**Problem details:** Print all of the data exactly, but drop the pictures.

**Given information:**
- Opening Delimiter -

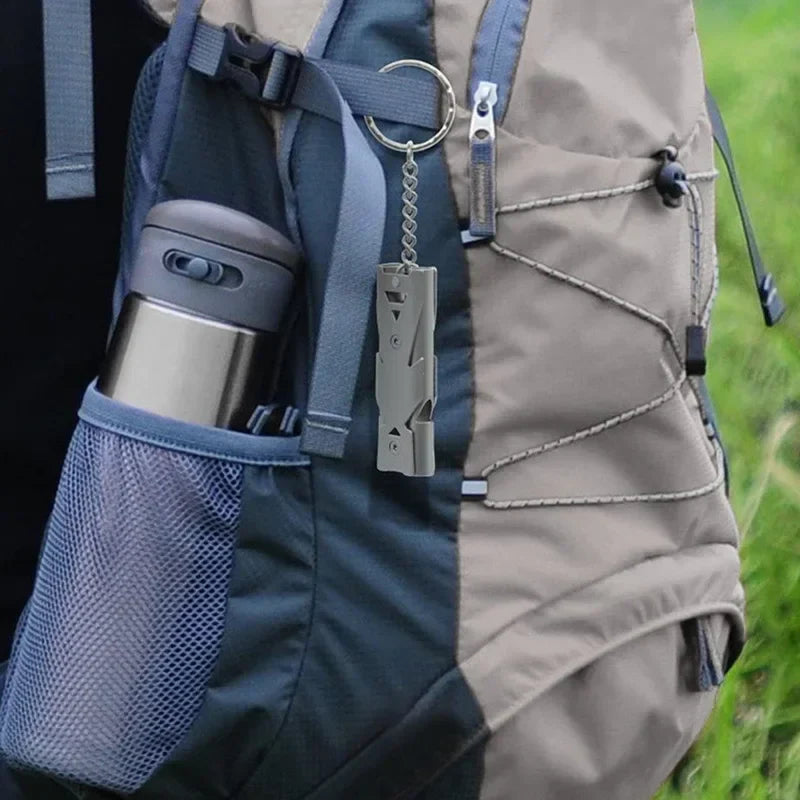 TrailSafe Dual-Chamber Whistle – Reliable Signal for Outdoors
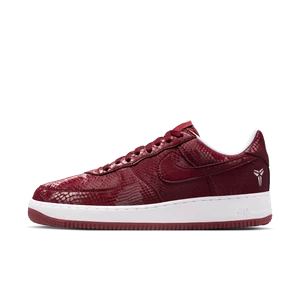 Zdjęcie produktu Buty męskie Kobe Air Force 1 Low „Lower Merion High: Away” - Czerwony Nike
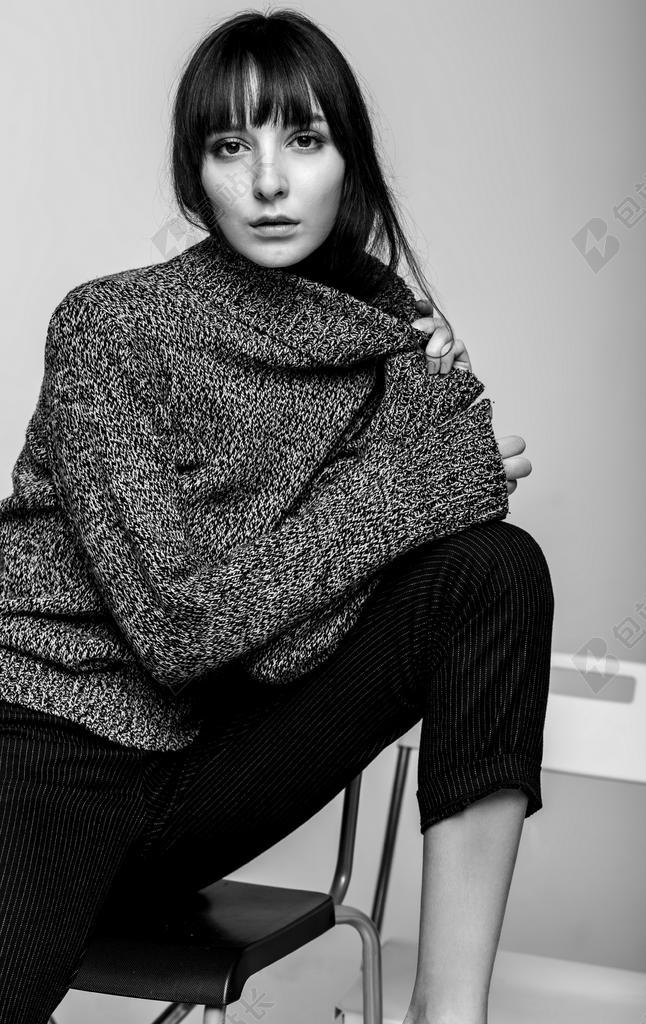 一 纵向 长大了 女人 人民 服装 时尚 年轻 女孩 小姐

- Closing Delimiter -

**The completed task:**
 TrailSafe Dual-Chamber Whistle – Reliable Signal for Outdoors
 Zdjęcie produktu Buty męskie Kobe Air Force 1 Low „Lower Merion High: Away” - Czerwony Nike
 一 纵向 长大了 女人 人民 服装 时尚 年轻 女孩 小姐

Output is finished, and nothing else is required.